WHAT TO PRODUCE -> What follows is a set of entries. Give them again exactly, without the pictures.

----------------

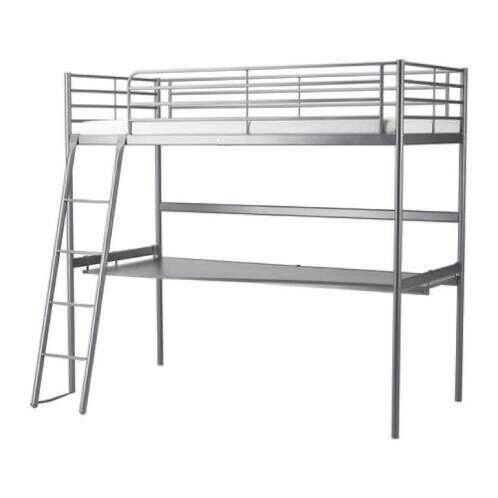 IKEA SVÄRTA Hoogslaper met bureau, zilverkleurig, Ophalen, Gebruikt, Eenpersoons, 200 cm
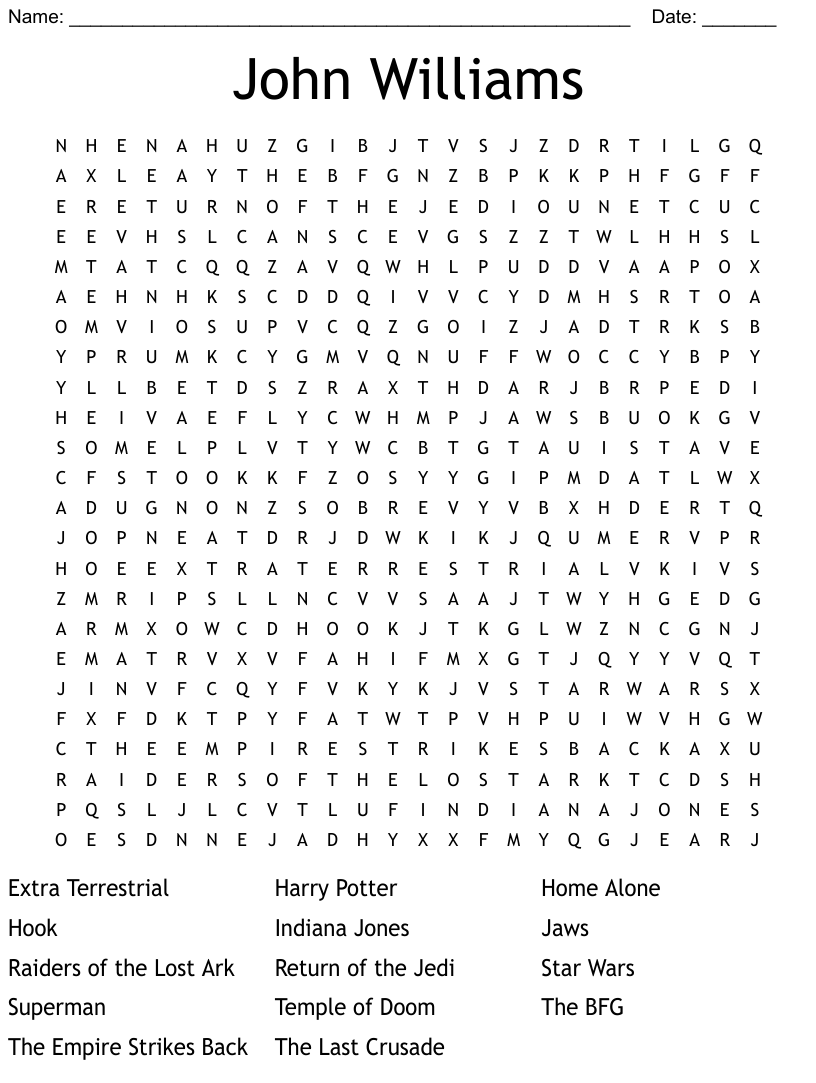 Indiana jones word search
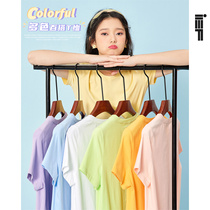 IEF love suit 2021 summer and autumn new Korean version of slim solid color wild wild student casual round neck short sleeve T-shirt female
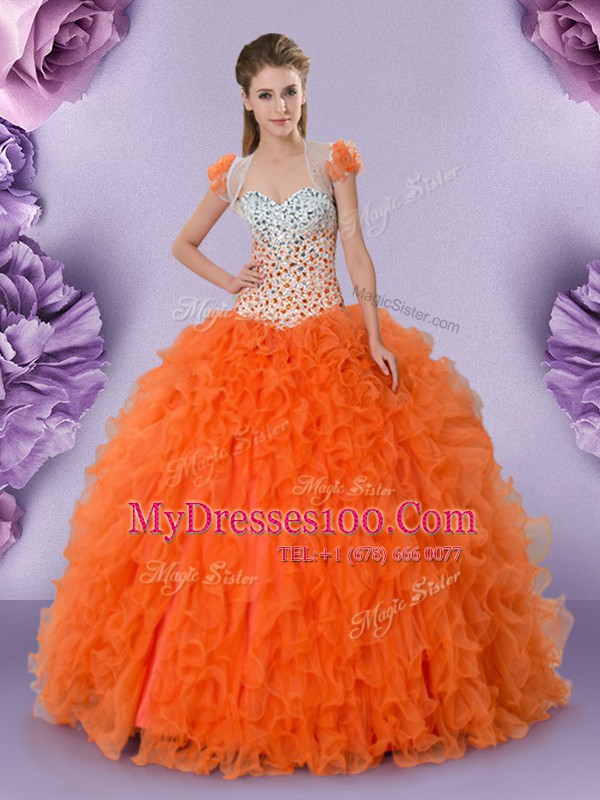 Hot Selling Orange Red Tulle Lace Up Quinceanera Gown Sleeveless Floor Length Beading and Ruffles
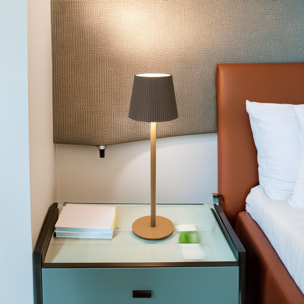 Well Home Lámpara de mesa Taupe LED Recargable con 32 Luces Blancas cálidas y 4 niveles de Brillo Ø10,5x36,2cm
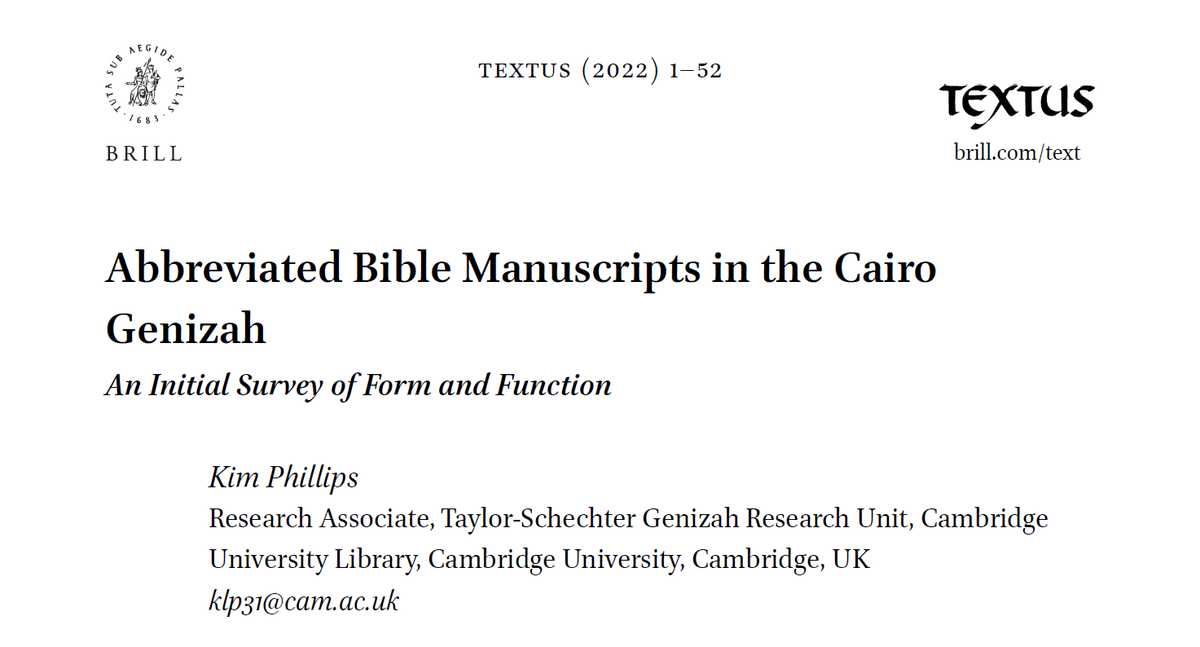 K_L_Phillips's tweet photo. I'm grateful, and relieved, to say that my most recent article has just been published in Textus (@Brill_Jewish @BrillPublishing)
Grateful:
(1) for the privilege of diving into these largely unstudied Bible manuscripts
(2) for the hard work of the Textus editors and typesetter https://t.co/OcBJx4vUKD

----------------

ANSWER TO THIS TASK ->
 IKEA SVÄRTA Hoogslaper met bureau, zilverkleurig, Ophalen, Gebruikt, Eenpersoons, 200 cm
 Indiana jones word search
 IEF love suit 2021 summer and autumn new Korean version of slim solid color wild wild student casual round neck short sleeve T-shirt female
 Hot Selling Orange Red Tulle Lace Up Quinceanera Gown Sleeveless Floor Length Beading and Ruffles
 Well Home Lámpara de mesa Taupe LED Recargable con 32 Luces Blancas cálidas y 4 niveles de Brillo Ø10,5x36,2cm
 K_L_Phillips's tweet photo. I'm grateful, and relieved, to say that my most recent article has just been published in Textus (@Brill_Jewish @BrillPublishing)
Grateful:
(1) for the privilege of diving into these largely unstudied Bible manuscripts
(2) for the hard work of the Textus editors and typesetter https://t.co/OcBJx4vUKD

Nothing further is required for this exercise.